JUDGMENT : THE HON'BLE MR.JUSTICE V.LAKSHMINARAYANAN PRAYER: Second Appeal filed under Section 100 of CPC to set aside the Judgment and Decree dated 26.04.2013 made in A.S.No.149 of 2007 on the file of the III Additional District & Sessions Court, Coimbatore reversing the Judgment and Decree dated 09.04.2007 made in O.S.No.663 of 2004 on the file of the II Additional Subordinate Court at Coimbatore. The present second appeal arises out of Judgment and decree of the III Additional District and Sessions Court, Coimbatore in A.S.No.149 of 2007 dated 26.04.2013. By the said judgment and decree, the learned District Judge reversed the judgment and decree of the court of learned II Additional Subordinate Judge, Coimbatore in O.S.No.663 of 2004 dated 09.04.2007 thereby, dismissing the suit for partition. 2. The properties belonged absolutely to one Velusamy Chettiyar. He had a wife by name Muniyammal and through her, he had four children namely (1) S.V.Shanmugam, (2) S.V.Jaganathan, (3) Chellammal and (4) Rajammal. 3. Velusamy Chettiyar executed a Will which is accepted by both sides. This Will has been marked as Ex.A1 in the suit. He divided his self acquired properties into two portions as A schedule and B schedule. A schedule properties were given to his eldest son Shanmugam and B schedule properties were given to his second son Jaganathan. Shanmugam married one Chinnamuthu and from the wedlock, they had five children namely (1) Sambamoorthi, (2) Konammal, (3) Palanisami, (4) Raja and (5) Balachandran. 4. Jaganathan had married twice viz., his first wife/Rukmani Ammal and second wife/Dhanammal. Through his first wife/Rukmani Ammal, he had one son by name Arunagiri and one daughter by name Dhanammal and through his second wife/Dhanammal, he had four daughters namely (1) Visalakshi, (2) Jayalakshmi, (3) Krishnaveni and (4) Revathi. 5. Arunagiri/son of Jaganathan also married twice. His wives are Lakshmi and Umarani. Insofar as the daughters branch is concerned, Chellammal had one daughter by name Muniyammal and Rajammal had two daughters namely Jaya and Kanaga. 6. Insofar as the A schedule mentioned property which fell to the share of S.V.Shanmugam is concerned, there is no dispute as it is being enjoyed by his sons and daughters. The suit property is the B schedule to Ex.A1.

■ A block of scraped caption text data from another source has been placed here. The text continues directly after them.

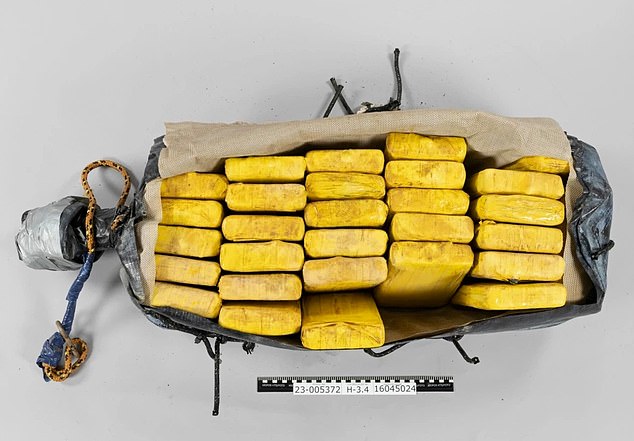 Albanian smuggling gangs use professional frogmen to recover hidden cocaine from cargo ships arriving in European ports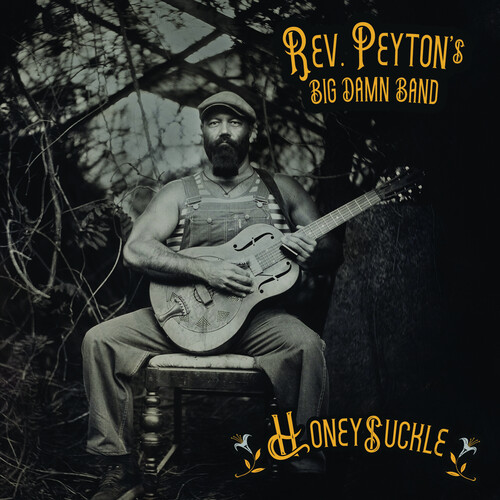 Reverend Peyton's Big Damn Ban/Honeysuckle@Amped Exclusive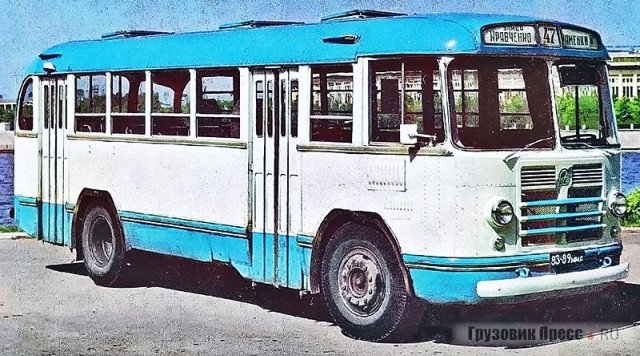 Самые яркие впечатления из детства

6. Insofar as the A schedule mentioned property which fell to the share of S.V.Shanmugam is concerned, there is no dispute as it is being enjoyed by his sons and daughters. The suit property is the B schedule to Ex.A1. The disposition insofar as the B schedule is concerned under Ex.A1 is as follows: The relevant portion in Ex.A1 Translated version I will enjoy theproperty described hereunder as I wish throughout my lifetime and after my lifetime, the rental income from the property morefully described in the Schedule A hereunder, shall be acquired by my grandson namely 1) Sambamurthy 2) Pazhanisamy 3) Raju 4) Balasundaram, sons of my eldest son S.V.Shanmugam without subjecting the property to any alienation or encumbrance and after the lifetime of all the said grandsons, it shall be acquired with absolute rights by the male heirs of my aforesaid four grandsons. After my lifetime, the property at Krishnapuram described morefully in the B schedule shall be acquired by grandson, S/o Late. Jaganathan, my younger son, without subjecting it to any encumbrances until his lifetime. The property thus enjoyed shall be acquired by his male heirs with absolute rights. If my aforesaid grandsons subject the respective properties under their enjoyment, to any encumbrances, It shall not be maintainable. The persons acquiring the A and B schedule properties shall pay to my wife Muniyammal aged about 75 years until her lifetime i.e. The person acquiring A schedule property shall pay Rs.12.50 per month and the person acquiring B schedule property shall pay Rs.12.50 per month in all Rs.25.00 per month to the said Muniyammal towards maintenance. Further Dhanammal, second wife of my late second son Jeganathan aged about 40 years and her daughters shall reside in the south facing terrace portion in the property North of the B schedule property, the said Arunagiri Chetty shall reside in the south facing single room on the rear side of the house wherein the said Dhanammal resides i.e. on the northern end and the tile roofed house on the southern side near the street shall be let out and the said Dhanammal and Arunagiri shall acquire and enjoy equal share in the rent. After Dhanammal's lifetime, my grandson Arunagiri shall acquire the property where she lives and enjoy it without subjecting it to any encumbrances. 7.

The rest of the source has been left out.